Leafy banyan tree in front of the house Roots!

Ah! The garden. Even that was something of a marvel. It was my eldest mama’s domain, the man with green fingers. Mostly he would be found pottering, spectacles perched on his nose, scowling in absolute concentration.

Thanks to his efforts, it was a tropical forest of gigantic jackfruit, mango and litchi trees. Pumpkins and bottle gourds creeped and climbed all over the place and the huge cement pots always had some evergreen plant blooming. It was easy to get lost in the shrubbery. Perhaps that’s why Platini had her litter there. I know because I followed Nani there to feed her one sunny afternoon.

Today, neither the house nor the garden exist. Last year it was sold. The tall slice of cake smashed.

All that remains are its photographs and the memories that are fraying at the edges.

Sepia photos of my maternal grandparents when they were young. Sepia memories !

Once they go, I would have truly lost my second address forever.


14 thoughts on “The House That Nana Built.

  1. Aww, what wonderful memories! I’m new to your blog and I just Love this post. (I’m also loving the memory of Luke Skywalker and the Star Wars universe, something I still love to this day!) But it’s these special memories we cherish, oh the garden sounds amazing too.

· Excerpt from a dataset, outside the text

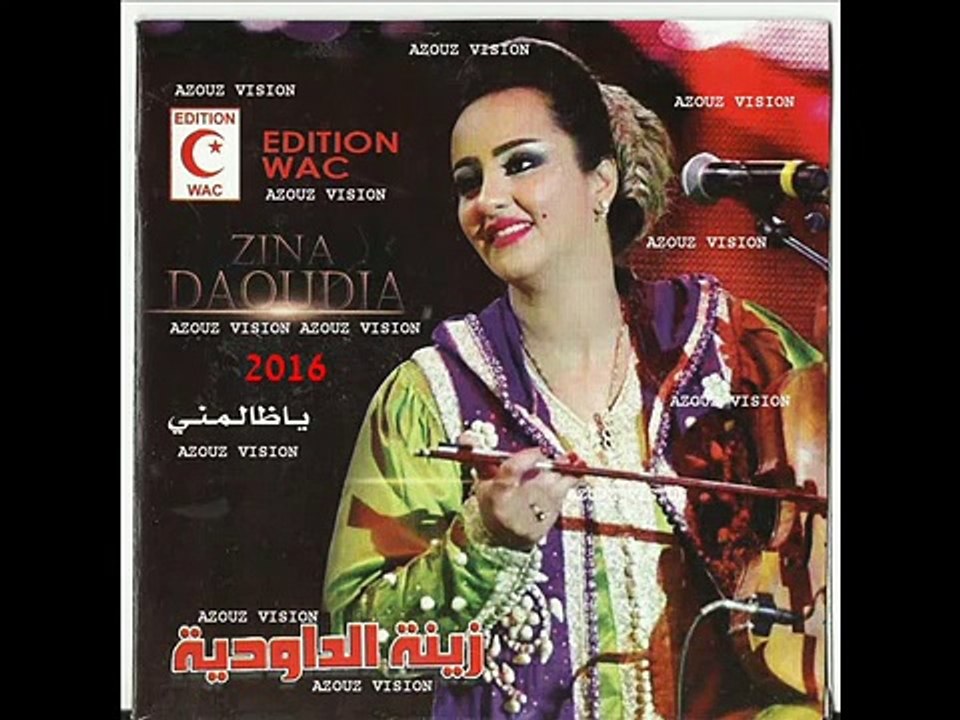 Zina Daoudia Lkhadem (Exclusive Audio 2016) -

I enjoyed all you beautiful photos! 😀 ~Diana ❤️

    Liked by 1 person

    1. Diana, it feels wonderful that my words left an impact. This was prime time nostalgia, a different world and a different time. I am thrilled you could connect with it. Thank you for leaving such a warm appreciative comment.

      May the force be with you ! 😊

      Liked by 1 person

  2. Hey….what about about daily race to the chicken coop every morning to bag the biggest brownest egg…and the early morning greetings of high tempo music beats at 5AM coming from Anil mama’s first floor abode while doing his workouts…and scores of hours spent hanging over the wall under the ‘lucaat’ tree watching the world go by the busy intersection of Araghar and also trying to keep an eye on Sundariyal’s cycle shop across the street ….super Didu…u opened the floodgates of the happiest memories of our childhood at our gingerbread house at 82 Araghar…😀

    Liked by 1 person

    1. Ah Sharad! Your comments take me back on a roller coaster nostalgia ride. I had almost forgotten till you reminded me of it all. This has to be one of the most super of all my treasured comments .

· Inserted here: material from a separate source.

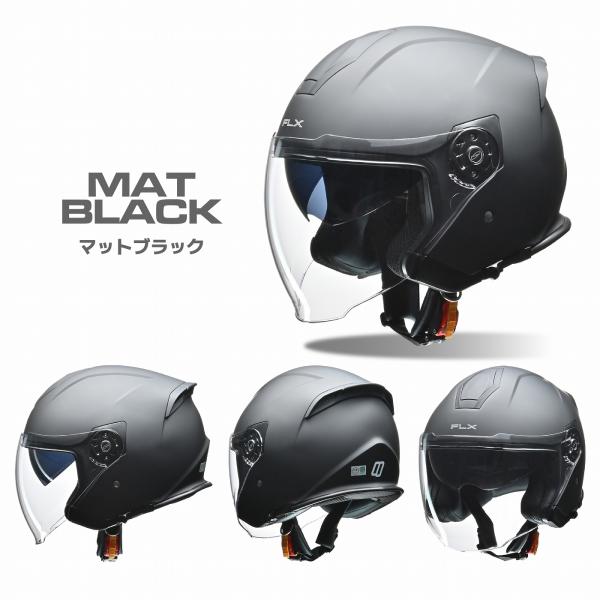 リード工業 バイクヘルメット lead FLX ジェットヘルメット マッド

      “We had joys , we had fun , we had seasons in the sun…”


  3. What a lovely, sentimental post Sheetal. Always wonderful to understand a bit more of your culture! Like you I lost my grandmother (we called her nana – I found it interesting that is the male name in your language) many years ago. I fondly remember visits to her home and the treats she always had on the ready that were not allowed in our own home. Things like coka cola and cookies for example. And she always had a little something as a gift – I remember loving bobby pins with a rhinestone on the end that I felt so elegant in! Thank you for the walk through memory lane.

    Liked by 1 person

    1. Yes, it is a coincidence to see that the word ‘nana’ unites grandparents across the world. We have much in common than what we are lead to believe.

      I enjoyed reading your reminiscences as well , imagining those halcyon days. Thank you for sharing them with me, Tina. Have an amazing day, it’s bright and early in India!


  4. Childhood memories are like pressed flowers in your favourite books. They remain fragrant and exquisite and wuth time-become timeless. You only have to flip the pages and out they pour:)

    What fun you must have had, Sheetal! Your narration gave me a glimpse of It, would love to read more of It.

    Liked by 1 person

  5. Nostalgia relived through a perfectly structured and flowing narrative à la Khushwant Singh. Tremendous capability you have to paint life so vividly with words.

    Liked by 1 person

    1. Kumud, I’m floating in air . Khushwant Singh is a level I aspire for ; I am ecstatic if you think I was able to capture a fraction of his magic . This was a memory trip and I’m glad you enjoyed the blast into the past. Thank you.